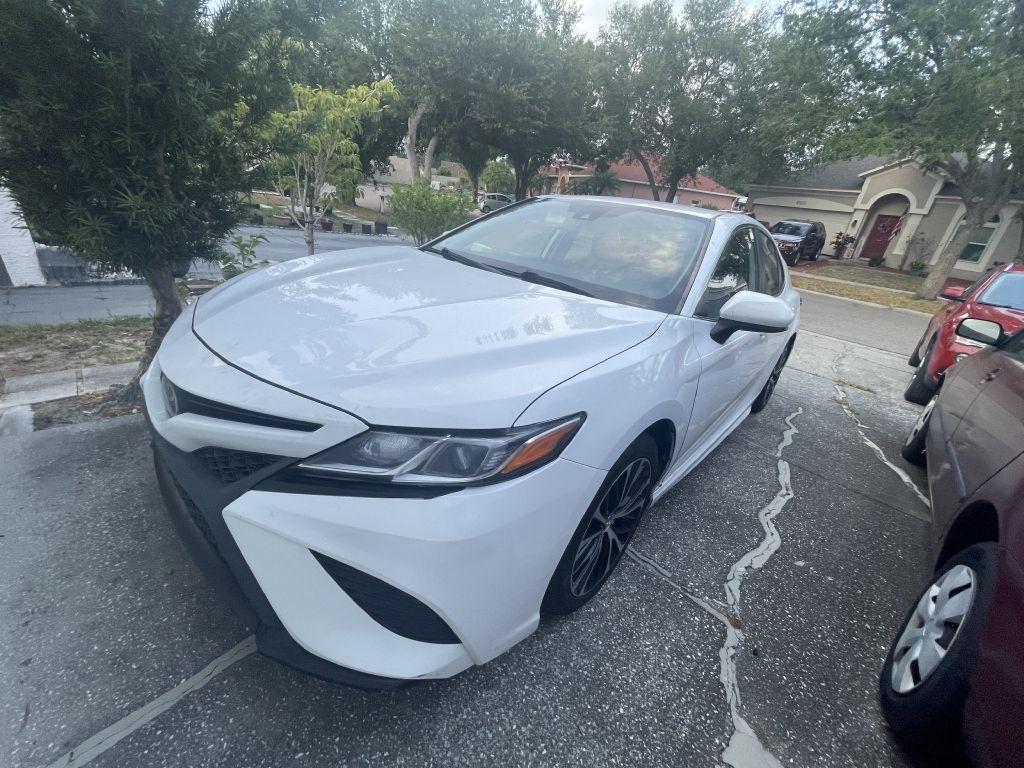 Toyota Camry SE 2019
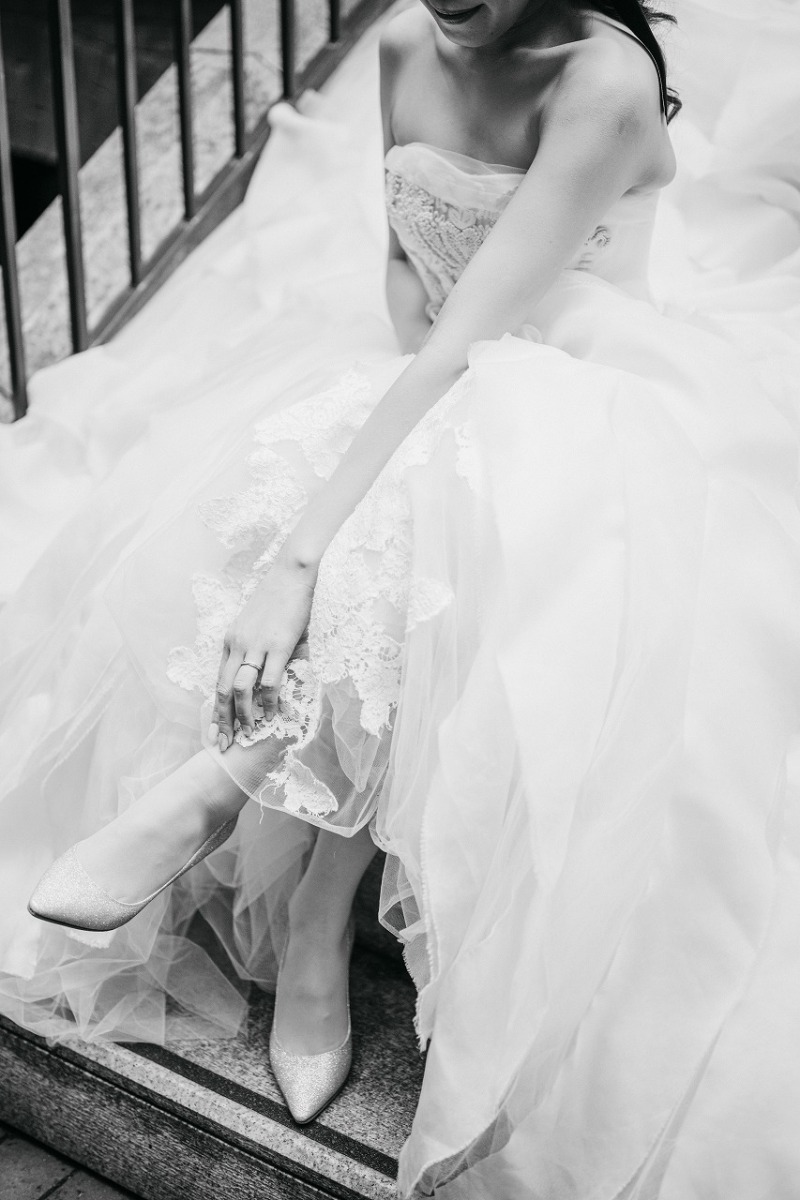 階段で、お足元が優雅なお座りショット♪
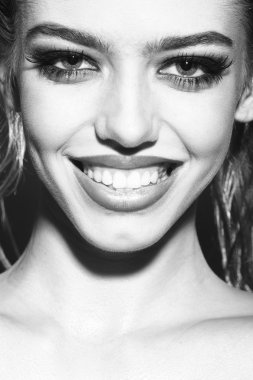 gülümseyen güzel kadın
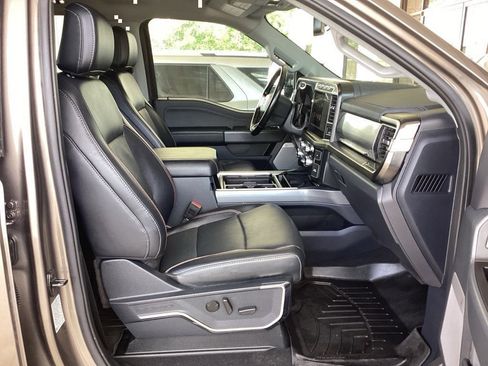 Used 2023 Ford F250 Lariat w/ Chrome Package image 30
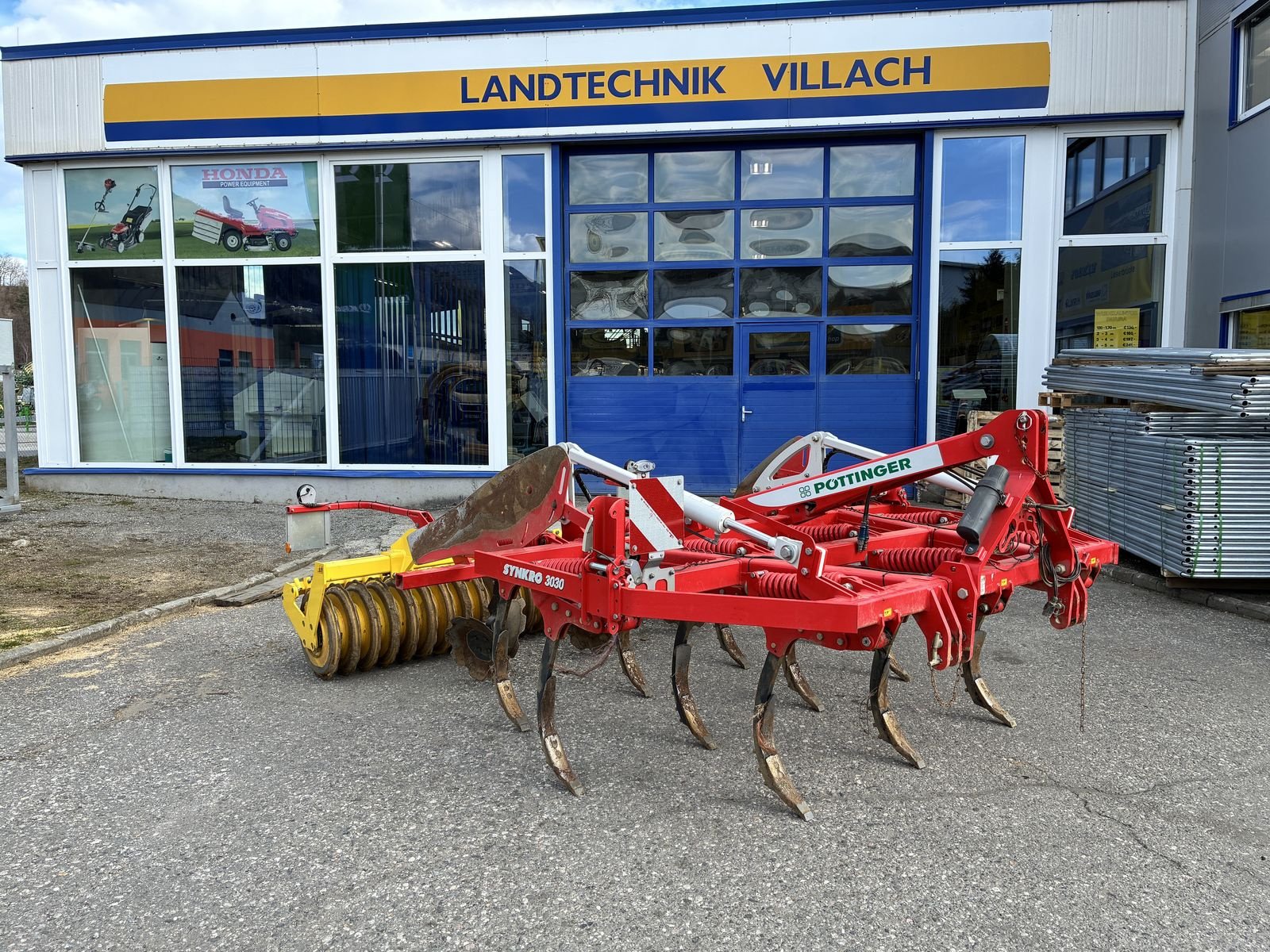 Grubber des Typs Pöttinger Synkro 3030, Gebrauchtmaschine in Villach (Bild 1)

→ **What is expected**: Your output should be the lines from the line containing "gülümseyen güzel kadın" through the last line of the listing above, restated exactly, with no pictures among them.

→ **Output for this task**:
 gülümseyen güzel kadın
 Used 2023 Ford F250 Lariat w/ Chrome Package image 30
 Grubber des Typs Pöttinger Synkro 3030, Gebrauchtmaschine in Villach (Bild 1)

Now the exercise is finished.